David Crane’s Ghost Blade follows Karen Gale, a former model whose life is violently derailed after an acid attack in Paris, leaving her disfigured, injured, and stranded between grief and rage. When the wealthy and enigmatic Norman Gray offers to restore her face, replace her lost eye, and train her as a Cyber Hunter, Karen enters a dangerous new world of rogue Reflectors, corporate secrets, anti-machine extremism, and moral compromise. What begins as one woman’s reconstruction becomes a wider story about technology, power, vengeance, and the thin line between protection and control.

I was drawn most strongly to Karen’s transformation, not because it is neat or glamorous, but because it feels deliberately forged. The novel gives her pain room to breathe before turning her into Ghost Blade, and that makes her competence feel earned rather than ornamental. Her cybernetic eye, weapons training, and armored missions are exciting, but the more interesting machinery is internal: the slow recalibration of a young woman who has lost beauty, safety, and trust, yet refuses to become only a victim. I appreciated that she doesn’t hate the machines themselves; she understands that the true danger often sits behind the controls, wearing a human face.

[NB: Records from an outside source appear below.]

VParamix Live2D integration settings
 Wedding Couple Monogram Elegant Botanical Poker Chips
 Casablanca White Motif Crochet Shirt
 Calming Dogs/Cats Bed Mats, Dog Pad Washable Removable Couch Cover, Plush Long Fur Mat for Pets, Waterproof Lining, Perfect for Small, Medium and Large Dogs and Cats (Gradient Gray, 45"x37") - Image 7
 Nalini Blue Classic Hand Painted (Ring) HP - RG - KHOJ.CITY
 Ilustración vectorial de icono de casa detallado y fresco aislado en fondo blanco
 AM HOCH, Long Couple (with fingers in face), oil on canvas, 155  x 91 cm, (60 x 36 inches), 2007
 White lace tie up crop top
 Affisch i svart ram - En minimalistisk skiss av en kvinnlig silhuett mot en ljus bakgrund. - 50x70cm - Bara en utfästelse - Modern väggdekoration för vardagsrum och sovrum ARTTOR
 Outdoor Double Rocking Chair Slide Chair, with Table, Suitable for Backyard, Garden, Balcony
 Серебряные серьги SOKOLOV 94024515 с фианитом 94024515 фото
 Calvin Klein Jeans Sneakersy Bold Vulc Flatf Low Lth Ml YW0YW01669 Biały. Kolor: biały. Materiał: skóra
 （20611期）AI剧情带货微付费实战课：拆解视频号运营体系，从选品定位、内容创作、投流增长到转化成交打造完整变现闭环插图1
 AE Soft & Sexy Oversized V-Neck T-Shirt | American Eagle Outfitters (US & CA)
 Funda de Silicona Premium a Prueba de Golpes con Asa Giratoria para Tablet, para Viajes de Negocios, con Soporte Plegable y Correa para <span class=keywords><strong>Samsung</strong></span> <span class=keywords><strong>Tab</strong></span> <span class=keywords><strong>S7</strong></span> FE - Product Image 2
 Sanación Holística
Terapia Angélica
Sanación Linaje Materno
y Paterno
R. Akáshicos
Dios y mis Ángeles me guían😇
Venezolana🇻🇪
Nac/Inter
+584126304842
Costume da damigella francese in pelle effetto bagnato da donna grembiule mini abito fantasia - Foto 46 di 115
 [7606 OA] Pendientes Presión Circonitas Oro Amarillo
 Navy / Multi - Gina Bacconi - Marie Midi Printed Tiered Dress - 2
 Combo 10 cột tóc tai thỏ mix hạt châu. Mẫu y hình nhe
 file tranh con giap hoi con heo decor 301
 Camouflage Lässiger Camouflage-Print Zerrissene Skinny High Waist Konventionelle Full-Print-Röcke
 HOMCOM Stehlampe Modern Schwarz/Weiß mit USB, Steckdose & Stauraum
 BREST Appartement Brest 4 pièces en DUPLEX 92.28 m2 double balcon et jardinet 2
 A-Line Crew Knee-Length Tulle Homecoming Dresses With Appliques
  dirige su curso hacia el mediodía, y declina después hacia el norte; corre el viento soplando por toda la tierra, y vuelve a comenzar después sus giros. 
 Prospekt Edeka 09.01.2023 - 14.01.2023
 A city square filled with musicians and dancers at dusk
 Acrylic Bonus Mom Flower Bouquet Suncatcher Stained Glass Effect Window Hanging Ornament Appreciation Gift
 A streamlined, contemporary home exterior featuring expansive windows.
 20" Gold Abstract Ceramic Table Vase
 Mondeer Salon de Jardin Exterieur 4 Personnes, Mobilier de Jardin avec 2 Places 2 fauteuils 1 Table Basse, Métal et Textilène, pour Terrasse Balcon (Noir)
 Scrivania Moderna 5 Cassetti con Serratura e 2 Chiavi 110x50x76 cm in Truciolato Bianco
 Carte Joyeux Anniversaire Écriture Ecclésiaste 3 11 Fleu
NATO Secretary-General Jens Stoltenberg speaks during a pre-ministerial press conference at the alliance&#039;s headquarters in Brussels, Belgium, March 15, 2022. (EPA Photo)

The worldbuilding is dense, sometimes almost encyclopedic, but it gives Newland City a hard, metallic texture. The class-divided sectors, corporate governance, Social Sanitation, Reflector technology, and the Outer Sector all create a future that feels polished on the surface and septic underneath. I found the action sequences most effective when they were tied to ethical unease, especially when Karen and Alex confront not just malfunctioning machines but the human systems that create disposable people and convenient monsters. The prose can be blunt, but that bluntness often suits Karen’s voice; she narrates like someone who has stopped trusting decorative lies.

This book will appeal most to readers who enjoy cyberpunk science fiction, dystopian action, techno-thriller adventure, and stories about augmented heroes fighting corporate corruption. Fans of William Gibson’s cyberpunk atmosphere or the action-driven moral machinery of Altered Carbon may find something familiar here, though Ghost Blade is more direct, combative, and revenge-tempered in its storytelling. It’s best for readers who want futuristic weaponry, rogue AI-adjacent machines, social collapse, and a heroine rebuilt by trauma without being softened by it. Ghost Blade is a riveting revenge-and-redemption story that asks whether humanity can control its machines when it has barely learned to control itself.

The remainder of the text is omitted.